Sérgio Moro, el justiciero de Brasil
Con 43 años, el juez de la Operación Lava Jato, es el nuevo ídolo del país
FELIPE BETIM São Paulo 18 AGO 2015 - 12:01 CEST
Brasil tiene su justiciero, una figura a quien llamar “héroe nacional”. Se llama Sérgio Moro, el juez federal de 43 años que comanda la operación Lava Jato, que hace temblar al mundo político. Su nombre estaba impreso en miles de camisetas y carteles el pasado domingo en las manifestaciones contra el Gobierno de Dilma Rousseff (PT). El cartel que llevaba Ana Maria Iten, que protestó en la Avenida Paulista de São Paulo, resumía el ambiente en todo el país: “Viva Moro, Fuera Dilma, Fuera PT”.
Desde su despacho en Curitiba, capital del Estado de Paraná, Moro investiga una trama corrupta de sobornos y lavado de dinero —su principal especialidad— que sacó a la luz los desvíos en Petrobras. Pero el foco ya no está solo en la petrolera pública. Las investigaciones incluyen otros organismos, ministerios y empresas públicas.
La trama Lava Jato es imprevisible. Nadie sabe qué ocurrirá mañana. Se parece cada vez más a la operación Manos Limpias de Italia, principal inspiración de Moro para su trabajo. Los pactos políticos en Brasilia parecen no ser tan decisivos ante su decisión de llevar a cabo una limpieza en el país. Uno piensa que las investigaciones pueden llegar hasta la puerta de su casa en cualquier momento. Nadie está protegido.
Ese es su encanto.

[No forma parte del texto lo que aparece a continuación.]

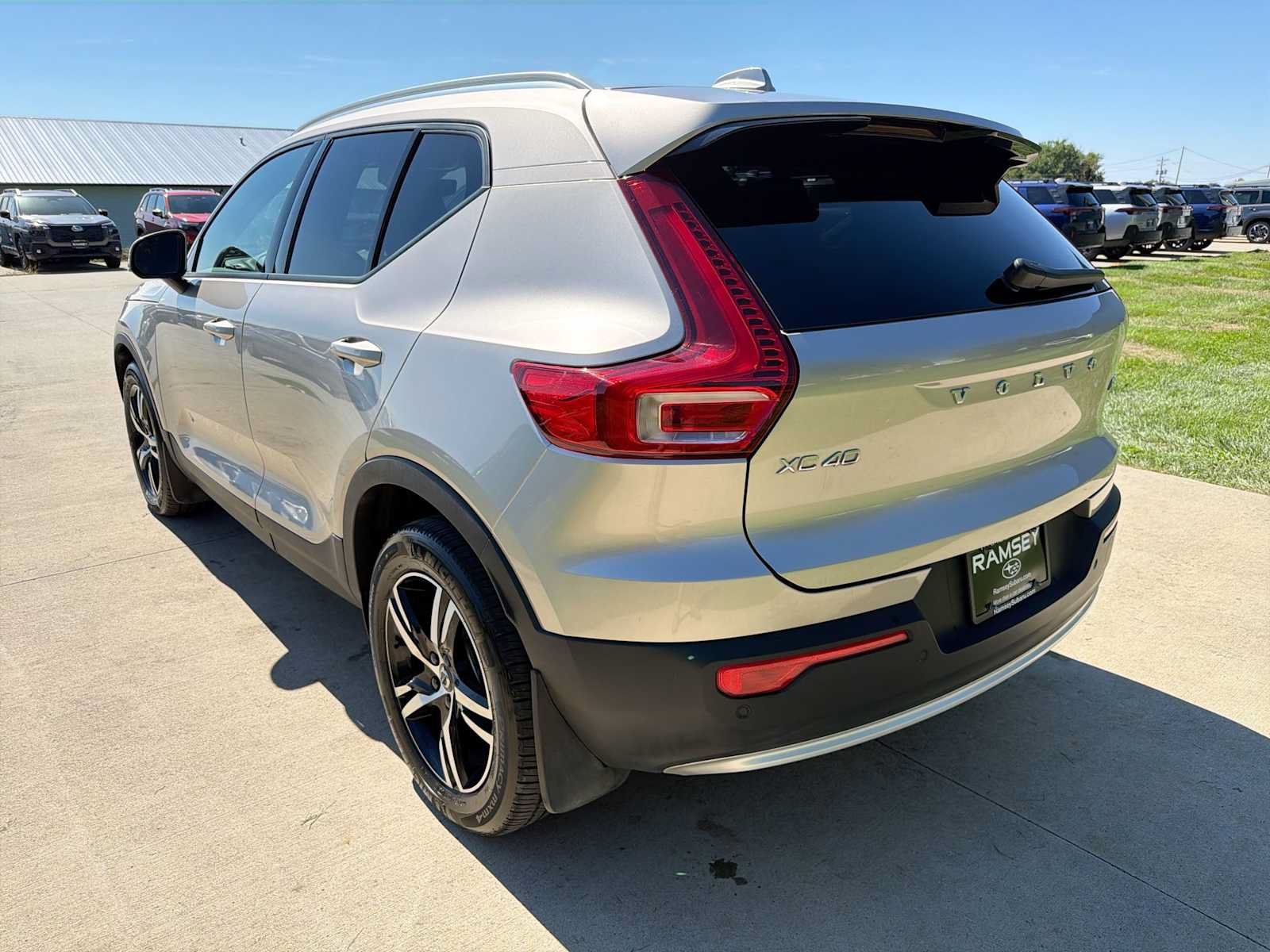 Used 2023 Volvo XC40 B5 Core w/ Convenience Package AWD/4WD image 4
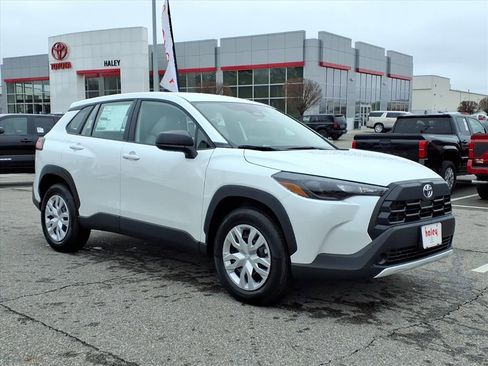 New 2026 Toyota Corolla Cross L image 2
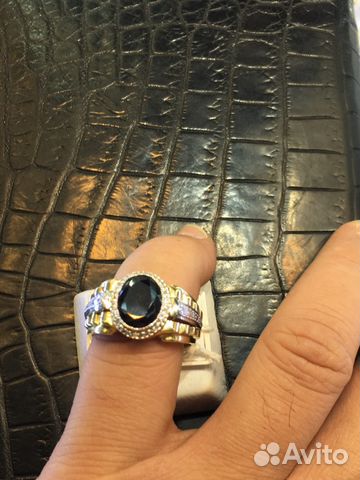 Золотая мужская печатка с бриллиантами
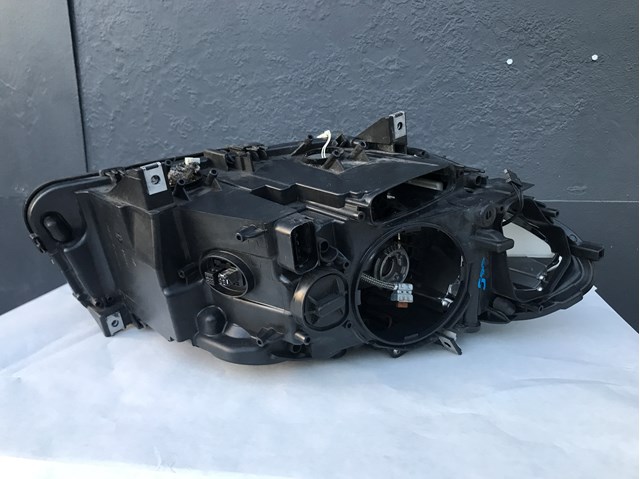 BMW 63117271911 Фара левая в наличии Черновцы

En un país acostumbrado a una corrupción endémica y a la impunidad de los poderosos, Moro parece personificar la figura del Brasil que todos desean: serio, honesto e intolerante ante la corrupción. Poco se sabe sobre su vida personal, aparte de que está casado, tiene dos hijos, le encanta el ciclismo y es experto en crímenes financieros, con un doctorado en Filosofía por la Universidad de Harvard. Quienes le conocen suelen utilizar adjetivos como “valiente”, “severo” y “activo”.

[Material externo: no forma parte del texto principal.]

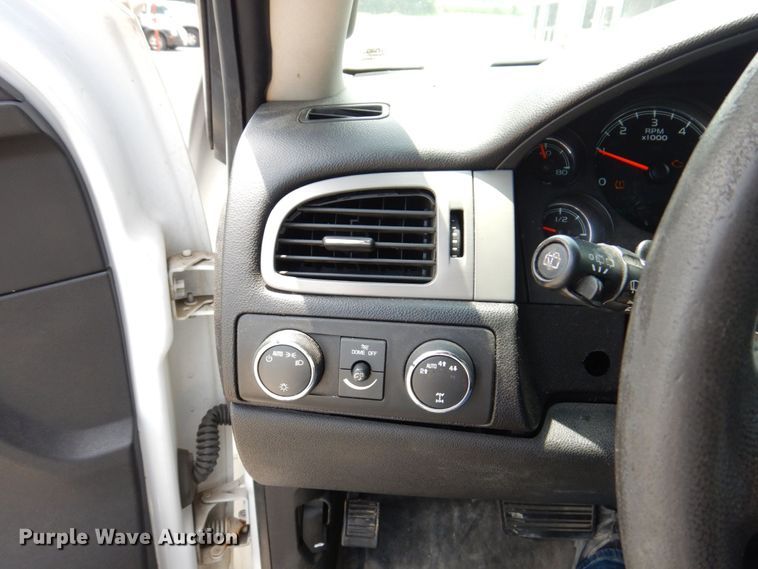 image for item KR9177 2012 Chevrolet Tahoe Police  SUV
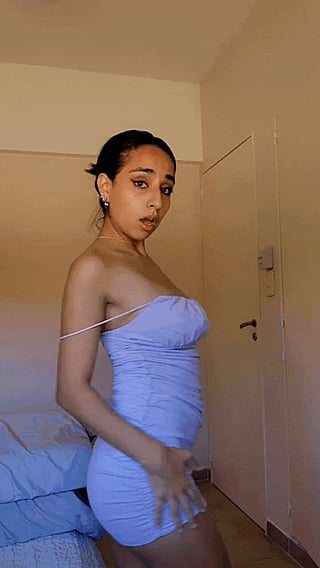 Hot Chick Revealing Her Goodies'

Muchos tabúes nacionales se han roto con el caso Lava Jato, pero quizá el principal ha sido que, por primera vez, decenas de miembros del establishment empresarial fueron a la cárcel, entre ellos, Marcelo Odebrecht, ejecutivo de la mayor constructora del país desde la dictadura militar. Aun así, esta valentía ante los corruptos está lejos de ser unánime. Los abogados defensores acusan a Moro de ser demasiado estricto a la hora de decretar la prisión de los involucrados. Muchos expertos reprochan, además, la figura de la delación premiada (acuerdo por el que se obtiene una reducción de la condena o el perdón judicial a cambio de confesión o información), para ellos un método de coerción para que los involucrados colaboren con la justicia. Miembros del PT, sus electores y hasta el polémico Eduardo Cunha —presidente de la Cámara y señalado por un delator de recibir cinco millones de dólares en sobornos— acusan a Moro de comandar un espectáculo —un populismo jurídico— con la intención de, en algún momento, llevar al expresidente Luiz Inácio Lula da Silva a la cárcel.
Le pasa a Moro como a Joaquim Barbosa, el exjuez del Supremo que coordinó el juicio del mensalão. Barbosa fue, como Moro, considerado un justiciero, un héroe nacional, pero también le acusaron de querer comandar un espectáculo, con intenciones políticas y electorales. Cuando terminó el juicio, Barbosa se jubiló y poco se sabe sobre él. Quizá solo buscaba hacer bien su trabajo, lo que le parecía lo más correcto y que estaba en su agenda como jurista. Quizá Moro también.